Bayrak, Kürt politikasının en yüksek baskı dönemi olarak 28 maddeden oluşan ve 1925 de Kürtlere yönelik başlandığını da belirterek,”1935’den itibaren Dersim Soykırım katliamı ise raporlar belgeler ile kanıtlanmaktadır. Dersim Katliamı ve sonraki dönemi, sürgünlere gönderilen ailelerin tespitleri, Kürt insanların asimile edilme programları tek tek raporlanmıştır” şeklinde konuştu. Bayrak son olarak, “Dêrsim Soykırım’da 7 uğursuz T harfleri ile başlayan prosedür adımları şunlardır: Tedip, Tenkil, Taktil, Tehcir, Temsil, Temdin ve Tasfiye” diye belirtti. 

KAHRAMAN: TÜRKİYE TARİHİ SOYKIRIMLAR TARİHİDİR
Yazar Ahmet Kahraman da, Türkiye’nin tarihi soykırımlar ile anıldığını belirterek, “Bir köyün yok edilmesi, bir ketinin yok edilmesi de bir soykırımdır. Türk Devletinin geçmişine baktığımızda, kimlik soykırımı, kültür soykırımı yaşanan mağdur Kürt halkı bugün halen terörist olarak adlandırılıyor. Kürt katliamları Hitler katliamlarıyla paraleldir. TC ile Alman devletinin herkes Alman, herkesi Türk olarak ilan eden her iki devlet, bu konuda aynı zihniyeti taşımaktadır” dedi. 
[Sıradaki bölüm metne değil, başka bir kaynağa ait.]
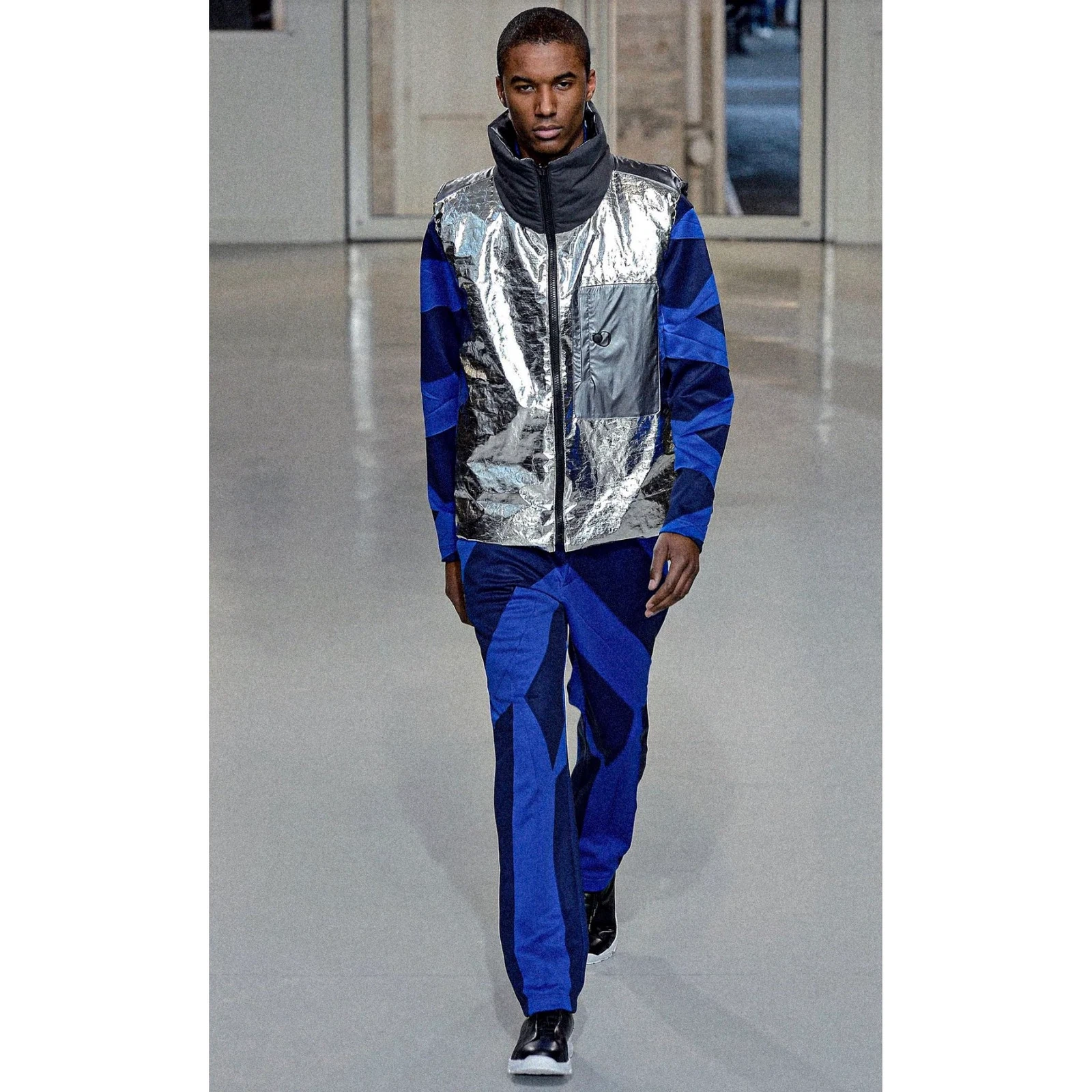 ISSEY MIYAKE Sweat Marine vintage, passéist — photo 11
Kürt soykırım tarihini, ayaklanma dönemlerini, Kürt halk liderleri Sex Said ve Seyid Rıza’nın çıkışlarını ve bununla geçen soykırım tarihini anlatan Kahraman, şöyle konuştu: “Dêrsim Soykırımı planlanmış, tasarlanmış, inceden inceye hazırlanmış bir soykırımdır. İnsanlar diri diri yakılmış, kurşunlara dizilmiş, sürgün edilmiş, köyler boşaltılmış, kendilerine asimilasyon dayatılmış. Dêrsim’de isyan yoktur, Kürdistan’da isyan yoktur, Dêrsim’de yaşananlar tasarlanmış, planlanmış soykırımdır.” 
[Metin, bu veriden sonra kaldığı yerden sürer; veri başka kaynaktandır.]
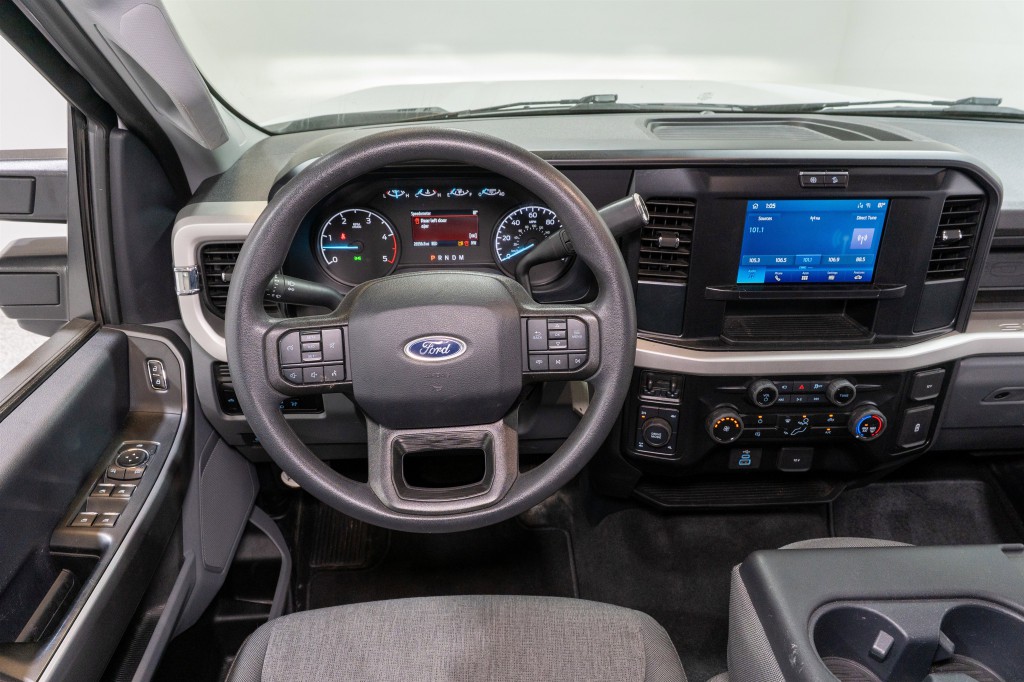 2025 Ford F-250 Image 13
Yazar Munzur Çem ise, Dêrsim’de Kürtler mi yoksa aleviler mi katledildi tartışmalara ilişkin şunları söyledi: “Dêrsim’de katledilen alevi inancındaki Kürtlerdi. Zilan’da Seyh Said isyanında ise şafi kürlerdi. Sorun alevi veya şafi değil Kürt’tü.”
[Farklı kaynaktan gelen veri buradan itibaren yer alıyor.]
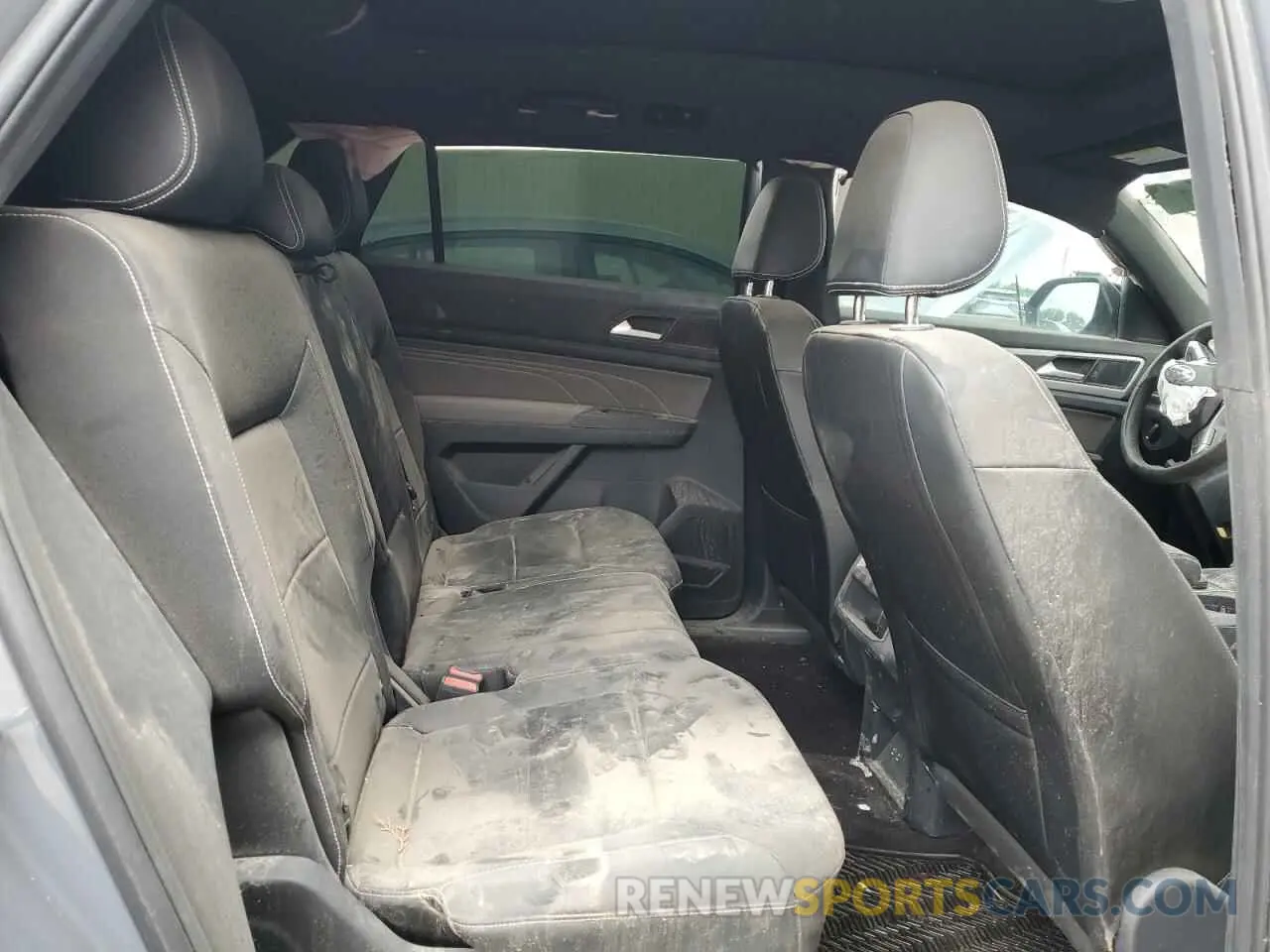 11 Photograph of a damaged car 1V2SC2CA3PC213600 VOLKSWAGEN ATLAS 2023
ÖZCAN: EN BÜYÜK KATLİAM 38 SONRASINDA UYGULANAN POLİTİKALARDIR
Yazar, Mesut Özcan ise Dêrsim’de yapılanların katliam olduğunu hatırlatarak, “Küçücük çocuklara bile yaşam hakkı tanınmadı. Onlar bile acımasızca öldürüldü. Bu bir katliam mı yoksa soykırım mı tartışmaları netleşti. Bu bir etkin ve kültürel soykırımdır” dedi. 

Özcan, görüştüğü tanıklardan alıntılardan örnekler vererek şunları ifade etti: “Dêrsim’de yapılan bir kültür katliamıdır. Yeni bir isim yeni bir kültür yeni bir dil. En büyük katliam 38 yılından sonra yapıldı. Dêrsimlilerin kafasında kültür dil kafa karışıklığı oluştu ve oluşturuldi. Bugün ben Dêrsimlilerin Bektaşi derneklerine üye olmasını içime sindiremiyorum. Neden oluyorlar. Şu anda da AKP Dêrsimliler, üzerinde oynuyor. Zazacılık geliştirmeye çalışılıyor. Kafa karışıklığı devam ediyor.”

KAYGUSUZ: BENLİKLERİ YİTİRİLDİ
Yazar Sema kaygusuz da, şunları söyledi: “Babam subaydı. Ben üniversiteye gidene kadar Alevi olduğumu bilmiyordum. Çünkü evde böyle konuşmuyorduk. Baba annem birçok şey anlattı. Ama bir türlü Dêrsim katliamından bahsetmedi. Aslında babam annem bir mağdurdu. Bence kültür asimlasiyon tartışmalarına benliği de eklemek lazım. Bence bu çok önemlidir.”

Berlin Mitte Belediye Başkanı de Berlin’de böylesi bir konunun üzerinde durulması tarihi açıdan önemli olduğunu belirterek, "Bayan Kaygusuz’un söylediklerine katılıyorum. Eğer aile ve büyükler konuda bahsetmiyorsa bu travma devam ediyordur. Birçok çok Dêrsimli, ‘biz kimiz ve nereden geliyoruz?’ sorusunu soruyorlar. Biz burada görüyoruz” diye konuştu.

Dersim Katliamı Icin Hukuk Komisyonu Olusturuldu

 Konferansta bir dizi de karar alınırken, davanın uluslar arası alana taşırılması için Amerikalı Av. Barry A. Fisher, Av. Eren Keskin ve Av. Erdal Doğan’dan oluşacak bir hukuk komisyonunun kurulması ile katliamın araştırılması için Mehmet Bayrak, Munzur Çem gibi tarihçilerden oluşacak bir araştırma komisyonu kurulma kararı alandı. 

KONFERANS SONRASI  SONUC BİLDIRGESİ ACIKLANDI
 
 Sonuc bildirgesinde

 

 -Dersim isminin iade edilmesi.

- Seyid Rıza ve arkadaşlarının mezar yerlerinin açıklanması. 

- Dersim katliam kurbanlarının yakınlarından özür dilenmesi ve tazminatların ödenmesi.

- Yıllardır Kürdistan’da yapılan katliamlarından dolayı devletin özür dilemesi.

- Dêrsim’de yapılmak istenen barajların derhal durdurulması.

- Türkiye devleti geçmişiyle yüzleşmeli
 - Kurbanlar için bir anıtın dikilmesi.